Directions → Below are entries; copy exactly the lines from the one with "2 halves of a bagel in an air fryer basket" through the one with "Porterhouse at the", both included, and leave out the rest.

Items listed in a dataset:
»»

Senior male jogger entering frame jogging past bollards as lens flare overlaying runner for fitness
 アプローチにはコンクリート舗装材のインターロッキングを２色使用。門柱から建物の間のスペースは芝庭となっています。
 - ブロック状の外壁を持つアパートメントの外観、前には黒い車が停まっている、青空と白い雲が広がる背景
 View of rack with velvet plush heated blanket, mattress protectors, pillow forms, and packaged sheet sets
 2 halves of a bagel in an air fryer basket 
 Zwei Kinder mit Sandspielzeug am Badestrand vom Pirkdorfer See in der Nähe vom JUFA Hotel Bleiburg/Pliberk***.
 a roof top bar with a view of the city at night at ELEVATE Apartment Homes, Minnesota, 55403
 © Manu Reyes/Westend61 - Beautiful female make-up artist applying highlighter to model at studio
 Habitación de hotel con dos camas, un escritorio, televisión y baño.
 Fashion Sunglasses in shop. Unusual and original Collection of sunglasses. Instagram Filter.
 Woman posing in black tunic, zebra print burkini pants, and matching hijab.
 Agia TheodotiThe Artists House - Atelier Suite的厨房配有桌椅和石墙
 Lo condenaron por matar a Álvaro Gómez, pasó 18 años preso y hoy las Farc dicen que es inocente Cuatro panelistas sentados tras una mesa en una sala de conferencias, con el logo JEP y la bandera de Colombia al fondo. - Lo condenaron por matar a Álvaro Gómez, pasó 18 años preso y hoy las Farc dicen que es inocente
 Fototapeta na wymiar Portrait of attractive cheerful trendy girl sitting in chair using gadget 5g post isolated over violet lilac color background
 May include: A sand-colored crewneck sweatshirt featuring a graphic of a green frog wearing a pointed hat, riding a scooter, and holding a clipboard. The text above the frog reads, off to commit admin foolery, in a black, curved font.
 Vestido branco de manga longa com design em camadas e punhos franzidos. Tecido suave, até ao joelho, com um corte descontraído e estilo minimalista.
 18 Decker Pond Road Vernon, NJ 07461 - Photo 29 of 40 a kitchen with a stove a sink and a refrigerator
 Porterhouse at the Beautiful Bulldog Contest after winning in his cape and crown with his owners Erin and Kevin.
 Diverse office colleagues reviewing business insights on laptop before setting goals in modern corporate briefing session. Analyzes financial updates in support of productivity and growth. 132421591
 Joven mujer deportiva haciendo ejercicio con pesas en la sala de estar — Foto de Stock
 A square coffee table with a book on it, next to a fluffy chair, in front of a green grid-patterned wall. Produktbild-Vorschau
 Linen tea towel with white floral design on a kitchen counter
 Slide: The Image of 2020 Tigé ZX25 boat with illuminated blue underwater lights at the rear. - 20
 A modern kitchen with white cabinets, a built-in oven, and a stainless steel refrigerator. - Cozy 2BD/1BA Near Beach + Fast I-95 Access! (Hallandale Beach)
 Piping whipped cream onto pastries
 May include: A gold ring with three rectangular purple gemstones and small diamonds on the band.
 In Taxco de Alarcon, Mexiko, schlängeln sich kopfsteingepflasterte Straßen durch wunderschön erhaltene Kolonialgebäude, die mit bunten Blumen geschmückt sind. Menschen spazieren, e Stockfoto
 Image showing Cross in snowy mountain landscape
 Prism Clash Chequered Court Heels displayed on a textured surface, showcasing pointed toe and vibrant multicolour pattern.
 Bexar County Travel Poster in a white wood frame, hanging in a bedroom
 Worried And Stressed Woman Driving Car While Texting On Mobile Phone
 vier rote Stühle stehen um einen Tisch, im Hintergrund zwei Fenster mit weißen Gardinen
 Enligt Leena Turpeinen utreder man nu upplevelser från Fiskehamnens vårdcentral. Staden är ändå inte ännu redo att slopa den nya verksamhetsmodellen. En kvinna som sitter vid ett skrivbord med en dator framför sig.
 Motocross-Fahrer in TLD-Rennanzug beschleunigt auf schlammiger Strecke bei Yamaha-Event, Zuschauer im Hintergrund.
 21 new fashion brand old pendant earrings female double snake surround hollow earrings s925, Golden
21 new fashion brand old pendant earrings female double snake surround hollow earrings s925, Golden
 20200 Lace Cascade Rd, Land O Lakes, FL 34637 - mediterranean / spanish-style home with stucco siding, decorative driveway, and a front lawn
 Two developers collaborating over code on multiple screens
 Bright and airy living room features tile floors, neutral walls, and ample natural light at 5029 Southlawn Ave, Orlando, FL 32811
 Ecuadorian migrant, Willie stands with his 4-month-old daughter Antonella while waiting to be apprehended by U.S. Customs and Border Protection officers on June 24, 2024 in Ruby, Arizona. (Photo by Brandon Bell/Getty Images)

««

Reply →
 2 halves of a bagel in an air fryer basket 
 Zwei Kinder mit Sandspielzeug am Badestrand vom Pirkdorfer See in der Nähe vom JUFA Hotel Bleiburg/Pliberk***.
 a roof top bar with a view of the city at night at ELEVATE Apartment Homes, Minnesota, 55403
 © Manu Reyes/Westend61 - Beautiful female make-up artist applying highlighter to model at studio
 Habitación de hotel con dos camas, un escritorio, televisión y baño.
 Fashion Sunglasses in shop. Unusual and original Collection of sunglasses. Instagram Filter.
 Woman posing in black tunic, zebra print burkini pants, and matching hijab.
 Agia TheodotiThe Artists House - Atelier Suite的厨房配有桌椅和石墙
 Lo condenaron por matar a Álvaro Gómez, pasó 18 años preso y hoy las Farc dicen que es inocente Cuatro panelistas sentados tras una mesa en una sala de conferencias, con el logo JEP y la bandera de Colombia al fondo. - Lo condenaron por matar a Álvaro Gómez, pasó 18 años preso y hoy las Farc dicen que es inocente
 Fototapeta na wymiar Portrait of attractive cheerful trendy girl sitting in chair using gadget 5g post isolated over violet lilac color background
 May include: A sand-colored crewneck sweatshirt featuring a graphic of a green frog wearing a pointed hat, riding a scooter, and holding a clipboard. The text above the frog reads, off to commit admin foolery, in a black, curved font.
 Vestido branco de manga longa com design em camadas e punhos franzidos. Tecido suave, até ao joelho, com um corte descontraído e estilo minimalista.
 18 Decker Pond Road Vernon, NJ 07461 - Photo 29 of 40 a kitchen with a stove a sink and a refrigerator
 Porterhouse at the Beautiful Bulldog Contest after winning in his cape and crown with his owners Erin and Kevin.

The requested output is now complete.